Я в этот мир пришел,

чтоб видеть Море

И пышный цвет долин.

Я заключил миры в едином взоре,

Я властелин.

Я победил холодное забвенье,

Создав мечту мою.

Я каждый миг исполнен откровенья,

Всегда пою.

Мою мечту страданья пробудили,

Но я любим за то.

Кто равен мне в моей певучей силе?

Никто, никто.

Я в этот мир пришел,

чтоб видеть Солнце,

А если день погас,

Я буду петь… Я буду петь о Солнце

В предсмертный час!

1902

Глаза

Когда я к другому в упор подхожу,

Я знаю: нам общее нечто дано.

И я напряженно и зорко гляжу,

Туда, на глубокое дно.

И вижу я много задавленных слов,

Убийств, совершенных в зловещей тиши,

Обрывов, провалов, огня, облаков,

Безумства несытой души.

Я вижу, я помню, я тайно дрожу,

Я знаю, откуда приходит гроза.

И если другому в глаза я гляжу,

Он вдруг закрывает глаза.

1903

Человек

Весь человек есть линия волны.

Ток крови в руслах жил, как по ложбинам.

Строенье губ, бровей, зрачок с орлиным

Полетом к Солнцу. Волны. Струи. Сны.

Мы влагой и огнем воплощены.

И нашу мысль всегда влечет к глубинам.

И тот же знак ведет нас по вершинам.

Нам любо знать опасность крутизны.

От Солнца мы, но мы из Океана.

Индийский сон. На влаге мировой,

На вечном мигу лик являя свой, —

С зарей, велящей просыпаться рано,

Раскрылся чашей лотос голубой.

И бог в цветке.
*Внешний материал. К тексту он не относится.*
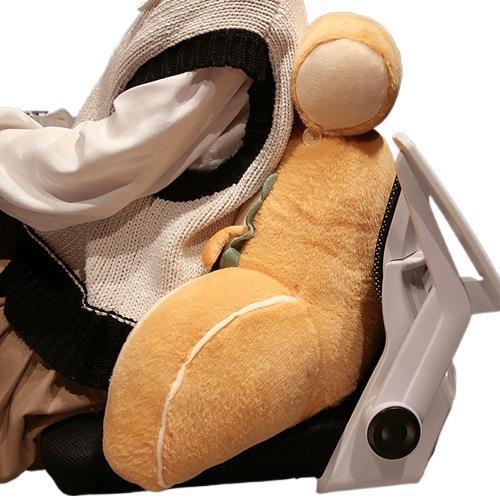 Cartoon Bedside Cushion Neck Protection Waist Pillow Companion - Killer Products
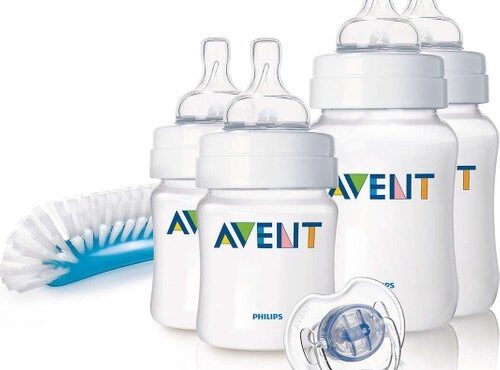 Philips Avent SCD271 / 60 0% BPA FREE PP Neonatal Starter Set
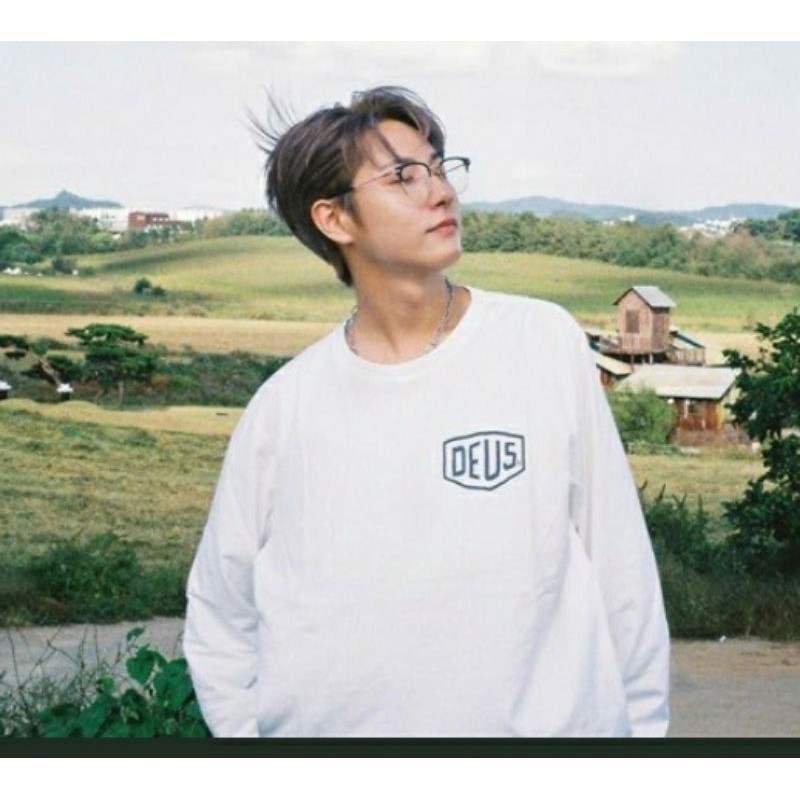 Deus ex machine Áo Sơ Mi Dài Tay / deus kpop Nct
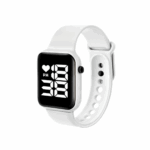 Relógio Digital SKMEI Resistente à Água – Branco – Design e Funcionalidade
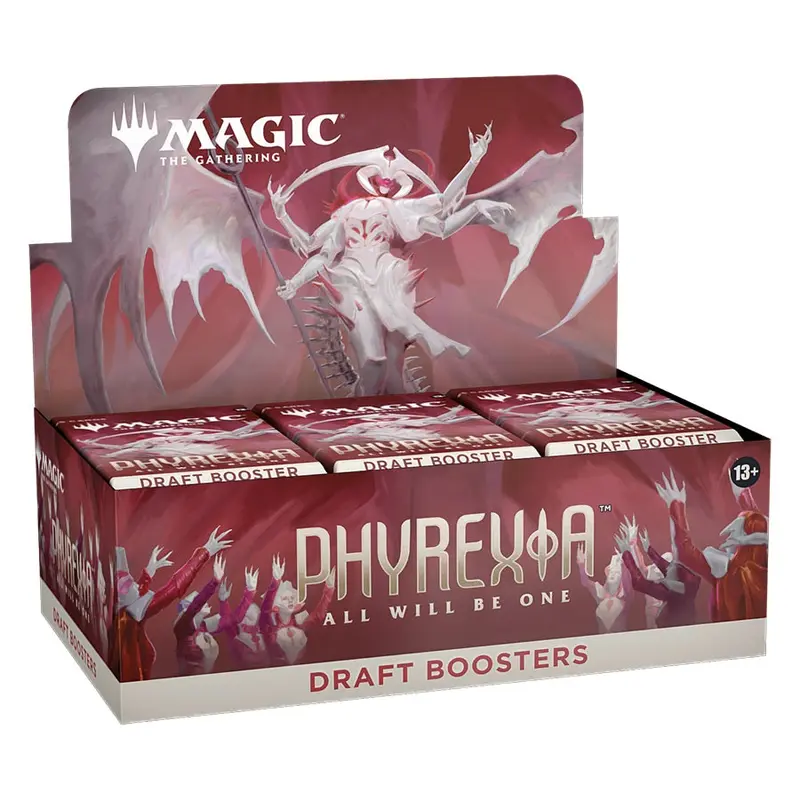 MTG PHYREXIA ALL WILL BE ONE DRAFT BOOSTER PACKS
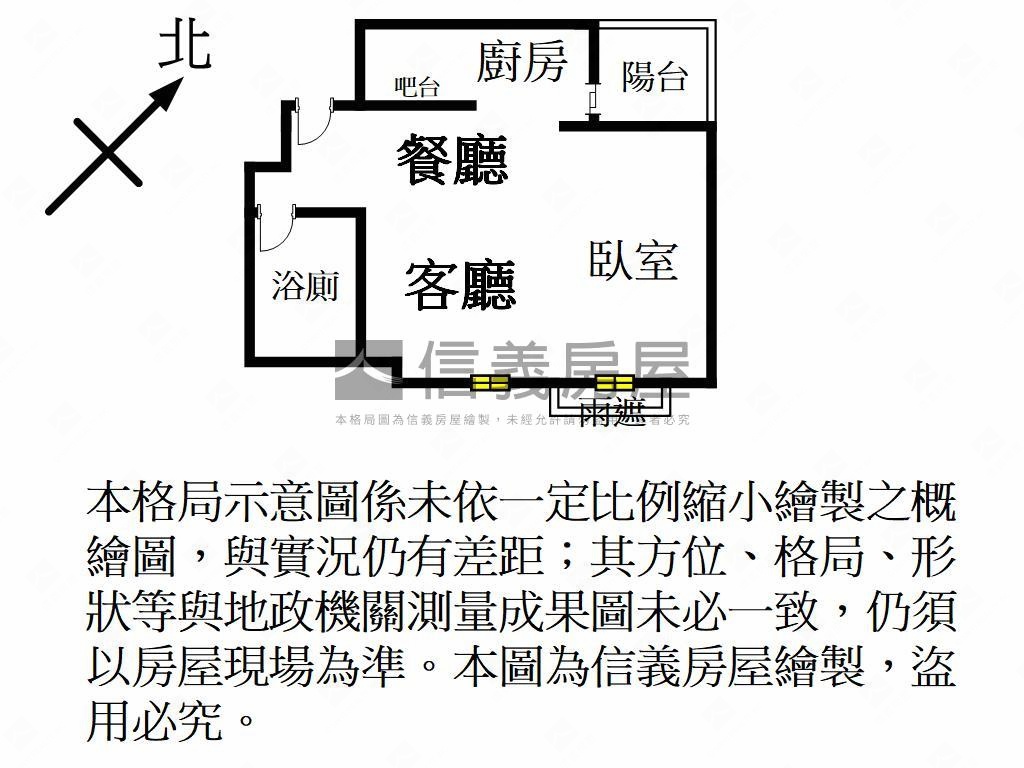 ⭐美麗歐洲景觀一房二廳⭐房屋室內格局與周邊環境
А жизнь цветка медвяна.

1917

Злая сказка

Слева тянется кровавая рука.

Приходи ко мне, и будет жизнь легка.

Слева тянется проклятой сказки ложь.

Приходи, от Сатаны ты не уйдешь.

Справа светятся обманно огоньки.

Справа нет тебе ни зова, ни руки.

Лишь один завет: Налево ни чуть-чуть.

И кладут тебе булыжники на грудь.

О, предтечи светлоокие мои,

Было легче вам в стесненном житии.

Раньше было всё во всём начистоту.

А теперь из пыли платье я плету.

У меня в моих протянутых руках

Лишь крутящийся дорожный серый прах.

И не Солнцем зажигаются зрачки,

А одним недоумением тоски.

Я ни вправо, я ни влево не пойду.

Я лишь веха для блуждающих в бреду.

Мир звериный захватил всю землю вплоть.

Только птица пропоет, что жив Господь.

21 мая 1921

Загрузка...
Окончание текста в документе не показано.